Izraelskie media nazwały syryjski atak z rakietą ziemia-powietrze przeciwko samolotom przeprowadzającym operację bojową nad terytorium Syrii "aktem bez precedensu". Rakieta została zestrzelona za pomocą izraelskiego systemu przeciwrakietowego Arrow-2 lub -3, a jej fragmenty spadły na terytorium Jordanii.

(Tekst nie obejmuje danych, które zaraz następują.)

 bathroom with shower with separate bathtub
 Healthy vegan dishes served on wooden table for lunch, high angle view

Czytaj też: Izraelska „strzała” zestrzeliła syryjski pocisk przeciwlotniczy

"Naszym głównym problemem są przerzuty zaawansowanej technicznie broni z Syrii do Libanu. Ilekroć wykrywamy próbę kontrabandy broni, podejmujemy działania, aby ją udaremnić" - uzasadniał minister obrony Izraela wypady samolotów jego kraju do syryjskiej przestrzeni powietrznej przeciwko libańskiej milicji Hezbollah.

Lieberman jednocześnie zapewnił, że Izrael nie jest zainteresowany interweniowaniem w konflikt syryjski lub "zderzeniem z Rosjanami" (którzy walnie wspierają siły wojskowe prezydenta Baszara el-Asada), ale bezpieczeństwo Izraela jest "ponad wszystko".

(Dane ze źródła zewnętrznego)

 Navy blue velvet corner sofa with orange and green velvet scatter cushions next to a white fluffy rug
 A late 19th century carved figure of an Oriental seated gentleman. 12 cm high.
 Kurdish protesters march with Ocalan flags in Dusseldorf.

Rosyjski MSZ wezwał dwa dni temu ambasadora Izraela w Moskwie Garego Korena, aby wręczyć mu protest przeciwko naruszeniu syryjskiej suwerenności - podał izraelski dziennik "Maariw".

Rząd w Damaszku kilkakrotnie komunikował w przeszłości o zestrzeleniu izraelskich samolotów, które dokonywały wypadów do syryjskiej przestrzeni powietrznej. Żadne z tych doniesień jednak nie zostały oficjalnie potwierdzone, a władze syryjskie nie pokazały żadnych fragmentów rzekomo zniszczonych izraelskich maszyn. We wrześniu 2014 izraelska obrona powietrzna strąciła z kolei syryjski myśliwiec Mig-21 nad Wzgórzami Golan i był to pierwszy podobny incydent od czasów wojny Jom Kippur w 1973 roku. 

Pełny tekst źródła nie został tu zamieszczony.